What's being measured
Primary outcomes are the specific endpoints the trial is designed to prove or disprove.
-
Incidence of CMV infection
Time frame: one year -
Duration of antiviral prophylaxis
Time frame: one year
Sponsor's own description
An open-label randomized controlled trial to adapt the duration of antiviral prophylaxis in D+/R- patients and in R+ patients receiving ATG according to the result of the T-Track® CMV assay. Investigators will include kidney and liver transplant recipients. Patients will be randomized during the first month post transplant. In the interventional arm, while the patient is on antiviral prophylaxis, CMI will be monitored every 4 weeks from the 2nd month after transplant.
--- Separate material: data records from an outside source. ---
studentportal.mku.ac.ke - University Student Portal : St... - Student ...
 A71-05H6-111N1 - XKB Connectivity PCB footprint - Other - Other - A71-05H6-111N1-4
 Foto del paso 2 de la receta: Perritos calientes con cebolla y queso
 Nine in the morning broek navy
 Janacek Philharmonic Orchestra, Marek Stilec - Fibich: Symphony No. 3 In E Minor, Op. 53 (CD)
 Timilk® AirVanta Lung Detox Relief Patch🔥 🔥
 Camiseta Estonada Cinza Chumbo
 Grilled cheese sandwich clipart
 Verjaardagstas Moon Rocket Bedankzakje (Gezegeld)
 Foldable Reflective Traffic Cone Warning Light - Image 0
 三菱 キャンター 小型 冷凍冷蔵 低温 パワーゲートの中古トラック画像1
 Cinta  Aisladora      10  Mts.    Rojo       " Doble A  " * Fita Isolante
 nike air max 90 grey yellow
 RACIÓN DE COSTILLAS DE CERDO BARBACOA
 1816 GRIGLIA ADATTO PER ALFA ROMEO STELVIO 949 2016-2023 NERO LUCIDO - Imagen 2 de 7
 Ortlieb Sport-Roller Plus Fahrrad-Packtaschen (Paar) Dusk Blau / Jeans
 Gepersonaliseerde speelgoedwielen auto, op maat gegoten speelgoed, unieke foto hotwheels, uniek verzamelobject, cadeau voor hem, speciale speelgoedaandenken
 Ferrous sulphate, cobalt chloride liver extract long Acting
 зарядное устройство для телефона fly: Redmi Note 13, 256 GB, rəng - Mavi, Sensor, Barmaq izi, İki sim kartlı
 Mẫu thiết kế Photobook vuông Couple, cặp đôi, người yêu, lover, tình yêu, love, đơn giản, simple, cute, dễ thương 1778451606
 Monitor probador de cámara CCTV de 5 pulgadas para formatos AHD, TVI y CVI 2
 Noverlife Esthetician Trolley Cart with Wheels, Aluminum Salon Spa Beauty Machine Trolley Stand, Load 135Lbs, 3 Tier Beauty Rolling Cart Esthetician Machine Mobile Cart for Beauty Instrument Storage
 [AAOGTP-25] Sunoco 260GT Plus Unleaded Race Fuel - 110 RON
Measurement of CMV CMI will be done in real time by using the T-Track® CMV assay. The continuation of antiviral prophylaxis will depend on the result of the assay: * T-Track positive (patient at lower risk): discontinuation of the antiviral drug * T-Track negative (patient at higher risk): continuation of the antiviral drug until the maximal duration of prophylaxis (3 to 6 months) The standard arm will receive a standard fixed duration of antiviral prophylaxis (3 months for R+ thymoglobulin treated-patients and 6 months for D+/R- patients). Measurement of CMV CMI by both T-Track® CMV and the Quantiferon-CMV® assays will be done at the same time points of the interventional arm, but the result will not be known by the investigators. After discontinuation of prophylaxis, patients in both arms will be followed for the development of CMV replication at each visit using the local PCR assay and antiviral therapy will be administered in case of CMV infection according to local guidelines. The co-primary endpoints will be the incidence of CMV disease or antiviral-treated CMV replication during the first 12 months post transplant AND the duration of antiviral prophylaxis.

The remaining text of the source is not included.